Press secretary Sarah Sanders told reporters that acting Defense Secretary Patrick Shanahan had briefed President Donald Trump on the development as he flew to Florida on Friday and additional information would "soon" come from the Pentagon.
Over two hours after the announcement the Pentagon had not commented.
The CNN team on the ground in eastern Syria said Friday that it continues to see airstrikes and hear heavy gunfire.
"There has been gunfire coming out of the ISIS positions, which are, admittedly, a very small piece of territory on the edge of a hill outside the eastern end of this town of Baghouz," CNN Senior International Correspondent Ben Wedeman reported from his position overlooking the village.
"If you were to look at the amount of territory, it is very small indeed, but the fighting goes on," he added.
Syrian Democratic Forces spokesman Mustafa Bali told CNN that while the battle is all but over, some final ISIS holdouts remain.
"The WH statement doesn't contradict ours: we also believe that ISIS was defeated. There are some groups that refuse to surrender. Our Forces with the assistance of the Coalition forces are working to force them to surrender and defeat them," he said.
Earlier this month, Trump declared that US backed-forces had retaken 100% of the territory once claimed by ISIS in Syria, an announcement that surprised US officials and regional allies leading the fight, who told CNN at the time that the battle was not over.
"We just took over, you know, you kept hearing it was 90%, 92%, the caliphate in Syria, now it's 100%. We just took over 100% caliphate, that means the area of the land we're just have 100%, so that's good," Trump said while addressing US troops at Joint Base Elmendorf-Richardson in Alaska on his return trip from Hanoi, Vietnam.
Speaking to reporters on Wednesday, the President had pulled out a sheet of paper to demonstrate the success against ISIS, showing two maps of the terror group's territorial control in Iraq and Syria, maps he said "just came out 20 minutes ago."
"Election night in 2016, everything red is ISIS," Trump said, pointing to the red on the map.
"Now on the bottom, there is no red," he said, adding, "Actually, a tiny spot, which will be gone by tonight."
Sanders showed reporters aboard Air Force One a similar map Friday depicting ISIS-held territory in Syria in 2014 compared with today.
Earlier this week, Trump also disputed the characterization that he had changed his strategy in Syria by leaving some US troops there for a period, despite previously announcing that all US troops would be withdrawn.
"No, no. We're leaving 200 people there and 200 in another place closer to Israel," he told reporters Wednesday on the White House South Lawn when asked if he had reversed course.
One contingent of troops will be stationed in northeast Syria, where they will be part of a multinational force tasked with helping to prevent an ISIS resurgence and helping to prevent clashes between Turkey and America's Kurdish-led Syrian allies.
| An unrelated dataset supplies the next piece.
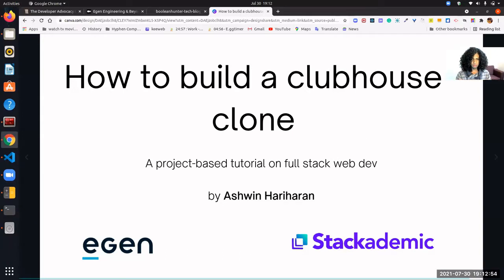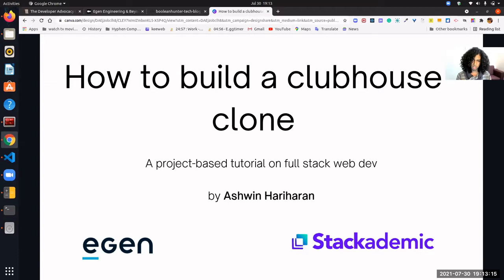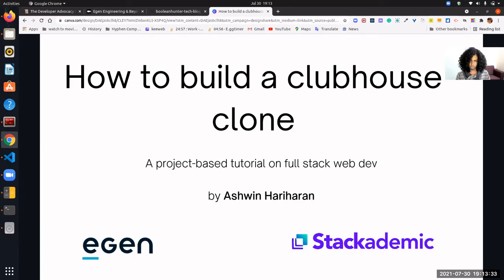Today's session is brought to you by myself — my name is Ashwin, and I work as a developer advocate at Agent.solutions. We're also collaborating with Stackademic, a community of developers who are learning to code. If you haven't joined, please do — we have sessions on web dev, JavaScript, and more. Please check out Stackademic and Agent.solutions.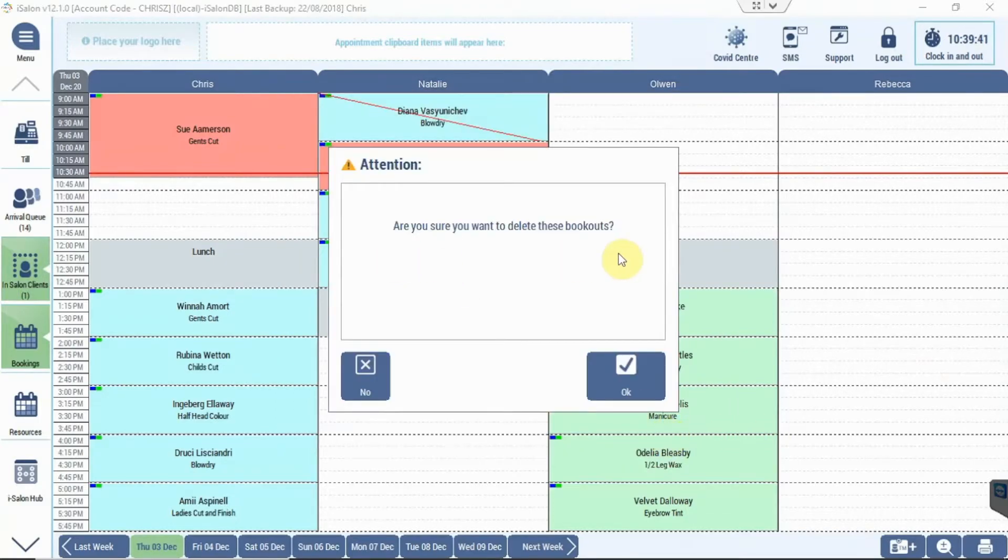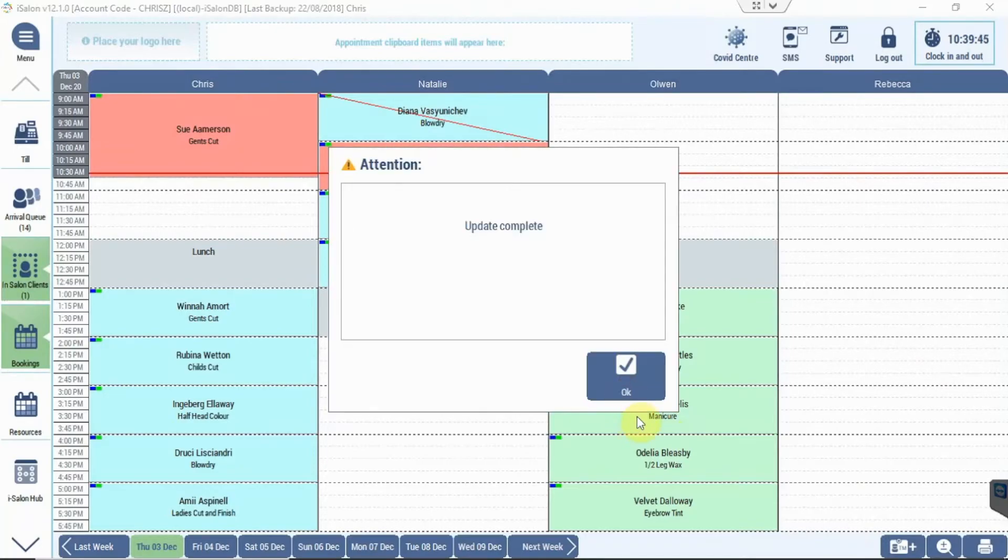It'll give me a warning to want to make sure I want to remove all of these. And if I press OK on that, that will remove all the bookouts for Rebecca for next week.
The remainder will be at At Tanf, Syria, a base near the Syria-Jordan border that allows the US to monitor and target some of the ISIS remnants who operate west of the Euphrates River. The US presence there also denies Iran and its proxies access to a strategic highway connecting Syria and Iraq that runs near the base, a US presence that Iran's adversary Israel is seen as keen on keeping in place.